Brian Sharples, co-founder of HomeAway talking entrepreneurship at Demo Day 2011
At noon, Brian Sharples, founder of HomeAway, talked about pursuing his passions and launching his company at the age of 44 after making a lot of other mistakes.
“Surround yourself with as much experience as possible,” Sharples said.
Also, do your homework, Sharples advised. Before he and his co-founder Carl Shepherd started HomeAway, they spent more than six months researching the vacation rental market. They knew very little about the market. They soon discovered Expedia bought VacationSpot in 1999, but the business failed within a year. They found the former CEO of Expedia to find out what went wrong. Turns out Expedia tried to turn the business into a hotel business and get rid of the subscription fee model that customers liked. Owners also liked to interact with renters before leasing their properties. Expedia took away that conversation. HomeAway brought it back.
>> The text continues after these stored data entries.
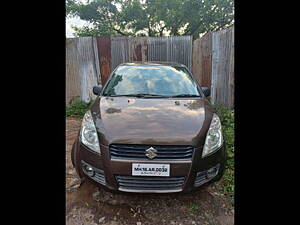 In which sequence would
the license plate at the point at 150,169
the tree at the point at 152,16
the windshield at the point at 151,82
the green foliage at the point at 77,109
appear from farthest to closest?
the tree at the point at 152,16 → the green foliage at the point at 77,109 → the windshield at the point at 151,82 → the license plate at the point at 150,169

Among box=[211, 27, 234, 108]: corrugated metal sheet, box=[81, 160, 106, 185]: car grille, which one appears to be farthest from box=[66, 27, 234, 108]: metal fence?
box=[81, 160, 106, 185]: car grille

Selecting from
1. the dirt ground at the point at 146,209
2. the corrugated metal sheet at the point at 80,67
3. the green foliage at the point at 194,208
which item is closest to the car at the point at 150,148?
the dirt ground at the point at 146,209

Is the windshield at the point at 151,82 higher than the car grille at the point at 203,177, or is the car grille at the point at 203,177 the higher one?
the windshield at the point at 151,82

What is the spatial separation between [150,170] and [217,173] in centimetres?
70

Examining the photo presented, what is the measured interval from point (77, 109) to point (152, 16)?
29.9ft

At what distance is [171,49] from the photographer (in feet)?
20.7

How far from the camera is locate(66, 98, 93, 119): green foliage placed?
575cm

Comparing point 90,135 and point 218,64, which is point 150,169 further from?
point 218,64

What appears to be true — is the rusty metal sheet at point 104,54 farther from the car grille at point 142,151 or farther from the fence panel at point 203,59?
the car grille at point 142,151

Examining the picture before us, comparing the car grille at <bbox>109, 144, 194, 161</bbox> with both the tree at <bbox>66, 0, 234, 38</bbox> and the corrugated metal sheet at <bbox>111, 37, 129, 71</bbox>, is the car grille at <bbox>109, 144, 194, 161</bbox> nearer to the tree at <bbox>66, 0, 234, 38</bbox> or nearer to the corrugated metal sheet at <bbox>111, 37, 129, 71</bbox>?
the corrugated metal sheet at <bbox>111, 37, 129, 71</bbox>

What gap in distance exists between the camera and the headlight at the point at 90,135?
184cm

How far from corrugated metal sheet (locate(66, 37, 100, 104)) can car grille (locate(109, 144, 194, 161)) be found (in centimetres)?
497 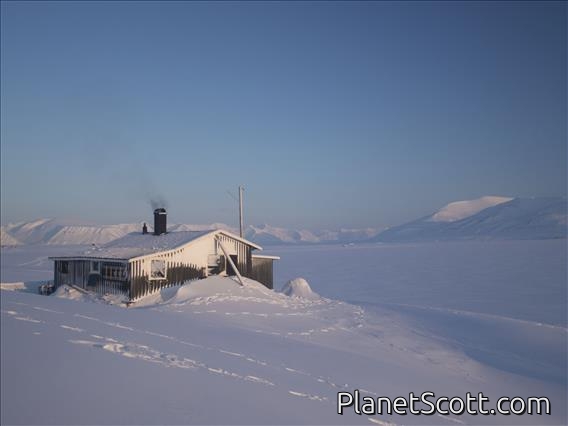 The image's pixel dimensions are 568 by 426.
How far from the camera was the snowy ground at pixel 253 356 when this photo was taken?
542cm

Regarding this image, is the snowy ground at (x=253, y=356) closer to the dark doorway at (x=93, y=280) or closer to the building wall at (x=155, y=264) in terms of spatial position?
the dark doorway at (x=93, y=280)

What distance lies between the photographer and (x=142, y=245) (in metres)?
23.0

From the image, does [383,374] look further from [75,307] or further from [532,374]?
[75,307]

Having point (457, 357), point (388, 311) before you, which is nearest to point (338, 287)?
point (388, 311)

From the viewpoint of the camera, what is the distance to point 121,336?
8.81 meters

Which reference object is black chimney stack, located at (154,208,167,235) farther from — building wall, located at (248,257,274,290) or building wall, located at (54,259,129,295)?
building wall, located at (248,257,274,290)

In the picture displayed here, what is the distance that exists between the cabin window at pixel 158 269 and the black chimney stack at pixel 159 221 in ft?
13.2

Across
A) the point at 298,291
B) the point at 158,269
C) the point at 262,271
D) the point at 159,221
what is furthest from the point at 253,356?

HomeAway, which recently went public, acquired more than 70 companies to create a business to make it as easy for consumers to find, book and stay in a vacation rental home, as it is to book a hotel.
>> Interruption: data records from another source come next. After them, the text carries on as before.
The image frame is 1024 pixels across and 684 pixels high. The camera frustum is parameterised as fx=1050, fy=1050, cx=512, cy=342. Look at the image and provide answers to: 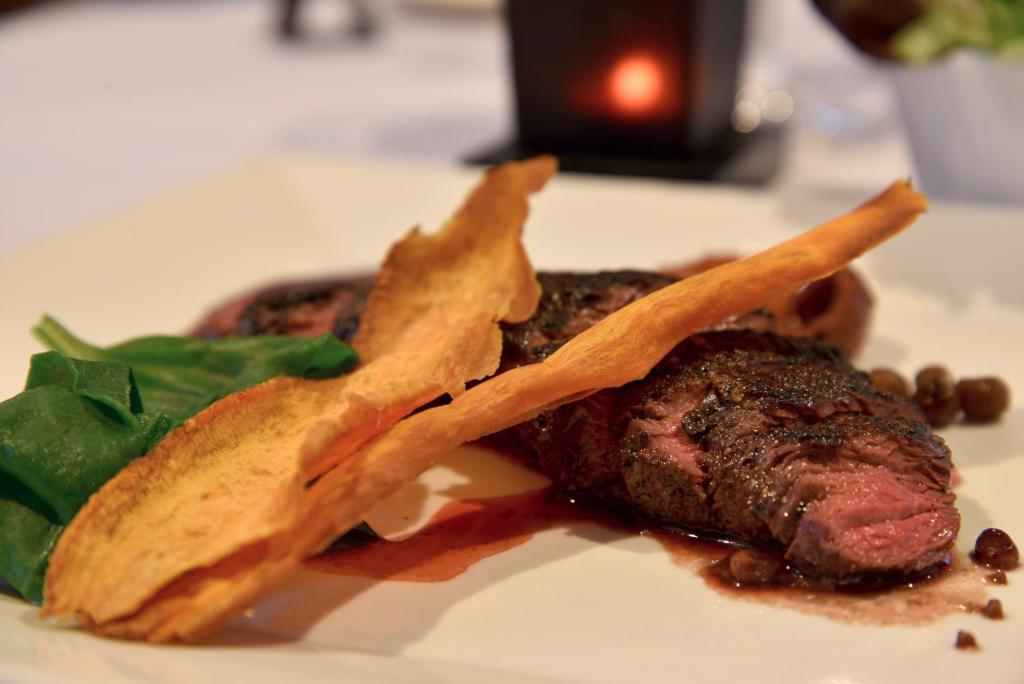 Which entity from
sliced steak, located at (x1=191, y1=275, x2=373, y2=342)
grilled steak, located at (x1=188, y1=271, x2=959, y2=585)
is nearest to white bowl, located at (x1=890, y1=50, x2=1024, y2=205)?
grilled steak, located at (x1=188, y1=271, x2=959, y2=585)

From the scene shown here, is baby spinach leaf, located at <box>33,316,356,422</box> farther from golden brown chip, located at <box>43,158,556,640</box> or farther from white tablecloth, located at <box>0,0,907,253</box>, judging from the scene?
white tablecloth, located at <box>0,0,907,253</box>

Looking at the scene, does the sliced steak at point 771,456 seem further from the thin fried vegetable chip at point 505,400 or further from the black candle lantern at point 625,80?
the black candle lantern at point 625,80

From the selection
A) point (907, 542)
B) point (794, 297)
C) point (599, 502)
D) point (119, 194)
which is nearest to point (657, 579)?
point (599, 502)

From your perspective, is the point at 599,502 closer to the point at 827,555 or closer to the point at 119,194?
the point at 827,555

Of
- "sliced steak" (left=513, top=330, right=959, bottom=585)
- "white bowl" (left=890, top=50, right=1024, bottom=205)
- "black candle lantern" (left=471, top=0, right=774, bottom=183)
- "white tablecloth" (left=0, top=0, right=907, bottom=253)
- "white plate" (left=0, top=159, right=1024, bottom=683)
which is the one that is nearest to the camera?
"white plate" (left=0, top=159, right=1024, bottom=683)

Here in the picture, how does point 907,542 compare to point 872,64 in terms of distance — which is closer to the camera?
point 907,542
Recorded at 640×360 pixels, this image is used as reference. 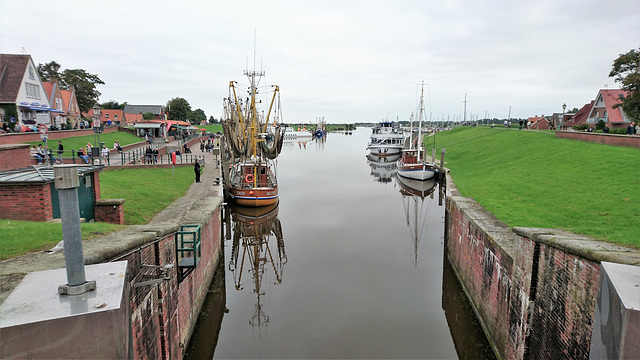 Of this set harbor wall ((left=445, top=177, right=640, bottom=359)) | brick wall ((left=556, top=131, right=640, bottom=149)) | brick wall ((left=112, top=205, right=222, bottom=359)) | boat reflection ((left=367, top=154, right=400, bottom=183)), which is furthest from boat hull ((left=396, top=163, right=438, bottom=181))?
brick wall ((left=112, top=205, right=222, bottom=359))

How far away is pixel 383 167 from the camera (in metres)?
52.7

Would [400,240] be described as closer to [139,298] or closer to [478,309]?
[478,309]

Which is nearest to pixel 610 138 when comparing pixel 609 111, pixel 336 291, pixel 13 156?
pixel 336 291

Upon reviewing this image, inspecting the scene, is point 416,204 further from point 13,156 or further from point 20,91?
point 20,91

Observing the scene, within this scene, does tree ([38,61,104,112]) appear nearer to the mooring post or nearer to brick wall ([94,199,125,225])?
brick wall ([94,199,125,225])

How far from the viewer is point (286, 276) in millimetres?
15609

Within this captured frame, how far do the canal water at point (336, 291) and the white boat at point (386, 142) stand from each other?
35101mm

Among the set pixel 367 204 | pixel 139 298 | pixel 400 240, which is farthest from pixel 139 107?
pixel 139 298

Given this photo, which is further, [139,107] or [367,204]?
[139,107]

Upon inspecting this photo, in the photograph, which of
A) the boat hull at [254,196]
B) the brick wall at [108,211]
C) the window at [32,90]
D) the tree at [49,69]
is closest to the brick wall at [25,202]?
the brick wall at [108,211]

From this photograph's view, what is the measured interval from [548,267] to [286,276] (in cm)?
1027

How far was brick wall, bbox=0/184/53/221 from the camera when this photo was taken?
27.7ft

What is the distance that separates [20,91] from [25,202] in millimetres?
36018

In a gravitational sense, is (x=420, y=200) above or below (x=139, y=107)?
below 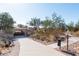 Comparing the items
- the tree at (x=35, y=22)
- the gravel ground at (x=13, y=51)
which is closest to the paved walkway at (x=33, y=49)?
the gravel ground at (x=13, y=51)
“If you have a good idea be quiet about it until you’re ready,” Sharples said. For three or four years while HomeAway built its business and acquired competitors, the company didn’t talk to the press, Sharples said.
Sharples told entrepreneurs to be humble, to worry about competitors, to be passionate and to remain flexible. Also, entrepreneurs must have a profit model. The days of starting a business with no clear idea of how to make money, like Twitter, don’t work, he said.
“Never settle, always try to make things better,” Sharples said.
During lunch, investors mingled with entrepreneurs at an actual all you can eat buffet of veggies, chicken, beef, mashed potatoes, salad and desserts.
Silicon Valley Bank, Silverton Partners, AustinVentures, RedHouse Associates, Clearstone Venture Partners, Wildbasin Investments and Entrepreneurs Foundation of Central Texas sponsored the event.
Following lunch, 17 entrepreneurs gave three minutes pitches on their companies. They included Apptive, CopperEgg, The Daily Dot, Forecast, Greenling, Hoot.me, ihiji, Infochimps, Loku, OwnLocal, NightRaft, Ravel, Ricochet Labs, Rockify, Spanning, Stormpulse, VolunteerSpot and WPEngine.
Next, Auren Hoffman, CEO and co-founder of Rapleaf, talked about recruiting and hiring tech talent. He seemed to contrast sharply with Metcalfe’s advice from the morning. Hoffman advised entrepreneurs to work long hours and hire others who work long hours six days a week. He also advised them to return calls and e-mails in a timely fashion.
The day-long Demo Day ended with a call to action. Baer advised everyone to go to the closest bar to talk and then to take the shuttle bus to join the Startup Crawl, a series of stops at various high-tech businesses around town to meet the companies, drink and mingle.
At The Capital Factory’s office, founder Josh Baer gave an overview of Demo Day 2011 during the Startup Crawl.
The third annual Capital Factory Demo Day took place on Wednesday at the AT&T Conference Center in downtown Austin. Five Capital Factory Finalists showed off their companies to investors and others at the day-long sold out event, which was livestreamed. Each of the five companies spent 10 weeks to nurture their ventures.